*RECORD EXTRACTS*
========
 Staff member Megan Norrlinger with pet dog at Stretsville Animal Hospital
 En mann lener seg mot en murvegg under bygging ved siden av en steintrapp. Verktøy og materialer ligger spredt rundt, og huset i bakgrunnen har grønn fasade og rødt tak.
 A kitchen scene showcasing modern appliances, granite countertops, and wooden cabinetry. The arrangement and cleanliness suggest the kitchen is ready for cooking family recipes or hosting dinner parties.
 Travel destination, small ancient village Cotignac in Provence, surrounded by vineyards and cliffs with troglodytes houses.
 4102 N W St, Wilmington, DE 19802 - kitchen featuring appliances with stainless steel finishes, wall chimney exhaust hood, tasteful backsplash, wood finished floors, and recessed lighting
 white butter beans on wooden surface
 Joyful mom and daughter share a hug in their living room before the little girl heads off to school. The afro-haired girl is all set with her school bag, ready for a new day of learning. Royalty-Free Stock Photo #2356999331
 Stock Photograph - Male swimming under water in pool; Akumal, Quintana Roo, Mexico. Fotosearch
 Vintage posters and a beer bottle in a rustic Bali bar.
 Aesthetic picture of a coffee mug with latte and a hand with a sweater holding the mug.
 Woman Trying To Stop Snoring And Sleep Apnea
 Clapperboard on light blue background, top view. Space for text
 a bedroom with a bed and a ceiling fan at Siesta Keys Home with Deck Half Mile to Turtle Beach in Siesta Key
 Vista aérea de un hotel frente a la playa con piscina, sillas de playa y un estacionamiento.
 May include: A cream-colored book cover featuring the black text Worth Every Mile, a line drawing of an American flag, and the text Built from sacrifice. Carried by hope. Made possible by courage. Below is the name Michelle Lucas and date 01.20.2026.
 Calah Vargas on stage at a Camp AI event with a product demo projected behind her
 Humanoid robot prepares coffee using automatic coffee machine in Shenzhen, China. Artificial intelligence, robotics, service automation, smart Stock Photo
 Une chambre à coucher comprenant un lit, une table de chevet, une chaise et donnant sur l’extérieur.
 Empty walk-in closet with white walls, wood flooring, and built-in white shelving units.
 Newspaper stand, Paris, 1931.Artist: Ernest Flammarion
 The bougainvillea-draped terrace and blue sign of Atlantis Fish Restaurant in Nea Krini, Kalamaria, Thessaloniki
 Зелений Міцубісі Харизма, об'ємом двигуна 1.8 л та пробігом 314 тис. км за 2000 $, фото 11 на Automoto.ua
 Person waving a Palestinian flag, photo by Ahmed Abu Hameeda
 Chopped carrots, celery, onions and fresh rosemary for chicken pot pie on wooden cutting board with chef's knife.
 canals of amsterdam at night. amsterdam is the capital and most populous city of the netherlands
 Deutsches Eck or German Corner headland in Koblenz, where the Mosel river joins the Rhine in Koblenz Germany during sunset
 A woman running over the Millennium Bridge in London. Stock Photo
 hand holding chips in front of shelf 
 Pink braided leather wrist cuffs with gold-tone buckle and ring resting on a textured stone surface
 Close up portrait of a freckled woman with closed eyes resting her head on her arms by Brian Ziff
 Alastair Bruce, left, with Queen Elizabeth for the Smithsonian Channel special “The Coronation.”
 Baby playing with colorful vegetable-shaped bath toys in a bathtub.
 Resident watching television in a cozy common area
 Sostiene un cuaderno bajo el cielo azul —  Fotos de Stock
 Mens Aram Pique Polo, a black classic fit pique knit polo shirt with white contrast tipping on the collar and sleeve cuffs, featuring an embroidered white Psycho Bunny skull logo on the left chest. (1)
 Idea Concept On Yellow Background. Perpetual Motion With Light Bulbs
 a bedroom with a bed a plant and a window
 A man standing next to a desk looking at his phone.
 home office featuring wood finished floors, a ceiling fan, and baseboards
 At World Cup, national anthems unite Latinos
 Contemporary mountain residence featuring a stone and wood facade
========
*TASK OBJECTIVE*
Repeat, exactly and only, the lines above from the one containing "canals of amsterdam" through the end of the material.

*RESULT OF THE TASK*
 canals of amsterdam at night. amsterdam is the capital and most populous city of the netherlands
 Deutsches Eck or German Corner headland in Koblenz, where the Mosel river joins the Rhine in Koblenz Germany during sunset
 A woman running over the Millennium Bridge in London. Stock Photo
 hand holding chips in front of shelf 
 Pink braided leather wrist cuffs with gold-tone buckle and ring resting on a textured stone surface
 Close up portrait of a freckled woman with closed eyes resting her head on her arms by Brian Ziff
 Alastair Bruce, left, with Queen Elizabeth for the Smithsonian Channel special “The Coronation.”
 Baby playing with colorful vegetable-shaped bath toys in a bathtub.
 Resident watching television in a cozy common area
 Sostiene un cuaderno bajo el cielo azul —  Fotos de Stock
 Mens Aram Pique Polo, a black classic fit pique knit polo shirt with white contrast tipping on the collar and sleeve cuffs, featuring an embroidered white Psycho Bunny skull logo on the left chest. (1)
 Idea Concept On Yellow Background. Perpetual Motion With Light Bulbs
 a bedroom with a bed a plant and a window
 A man standing next to a desk looking at his phone.
 home office featuring wood finished floors, a ceiling fan, and baseboards
 At World Cup, national anthems unite Latinos
 Contemporary mountain residence featuring a stone and wood facade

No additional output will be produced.